◆ Source material ◆

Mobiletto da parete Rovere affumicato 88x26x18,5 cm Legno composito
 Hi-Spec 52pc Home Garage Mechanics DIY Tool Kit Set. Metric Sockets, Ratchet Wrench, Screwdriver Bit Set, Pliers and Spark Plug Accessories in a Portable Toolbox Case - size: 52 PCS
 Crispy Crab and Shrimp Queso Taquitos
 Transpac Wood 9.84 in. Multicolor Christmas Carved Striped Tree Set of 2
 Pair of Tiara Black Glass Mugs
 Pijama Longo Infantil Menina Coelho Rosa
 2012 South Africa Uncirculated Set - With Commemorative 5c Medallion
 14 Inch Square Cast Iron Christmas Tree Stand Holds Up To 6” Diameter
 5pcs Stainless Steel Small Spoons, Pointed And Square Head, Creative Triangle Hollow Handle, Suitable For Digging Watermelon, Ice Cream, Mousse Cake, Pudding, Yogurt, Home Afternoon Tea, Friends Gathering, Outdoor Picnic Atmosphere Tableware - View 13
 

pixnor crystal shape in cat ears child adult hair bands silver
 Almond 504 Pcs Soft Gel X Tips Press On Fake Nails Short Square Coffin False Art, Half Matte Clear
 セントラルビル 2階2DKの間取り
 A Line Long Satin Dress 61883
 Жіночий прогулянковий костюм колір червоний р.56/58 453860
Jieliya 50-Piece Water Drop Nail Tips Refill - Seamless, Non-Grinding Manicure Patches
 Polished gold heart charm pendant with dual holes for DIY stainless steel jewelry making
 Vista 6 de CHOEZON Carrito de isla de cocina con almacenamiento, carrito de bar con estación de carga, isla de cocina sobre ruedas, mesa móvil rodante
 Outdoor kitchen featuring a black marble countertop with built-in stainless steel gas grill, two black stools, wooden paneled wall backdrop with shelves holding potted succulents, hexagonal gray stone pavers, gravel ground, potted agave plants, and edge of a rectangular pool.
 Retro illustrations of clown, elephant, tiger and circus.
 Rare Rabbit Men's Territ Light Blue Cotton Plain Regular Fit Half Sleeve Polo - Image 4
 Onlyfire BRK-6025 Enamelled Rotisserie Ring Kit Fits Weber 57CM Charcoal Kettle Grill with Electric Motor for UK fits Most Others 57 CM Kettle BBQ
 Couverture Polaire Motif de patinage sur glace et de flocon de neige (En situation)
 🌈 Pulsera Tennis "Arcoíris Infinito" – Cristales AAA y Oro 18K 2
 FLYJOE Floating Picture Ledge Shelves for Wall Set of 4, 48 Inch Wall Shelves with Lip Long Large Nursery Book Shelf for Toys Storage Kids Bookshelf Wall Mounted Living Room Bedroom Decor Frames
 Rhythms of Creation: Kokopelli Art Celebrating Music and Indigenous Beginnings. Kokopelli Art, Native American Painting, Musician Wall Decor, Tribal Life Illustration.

◆ What is needed ◆
Go through the entries. Report every line that contains the word "Christmas".

◆ Solution to this problem ◆
 Transpac Wood 9.84 in. Multicolor Christmas Carved Striped Tree Set of 2
 14 Inch Square Cast Iron Christmas Tree Stand Holds Up To 6” Diameter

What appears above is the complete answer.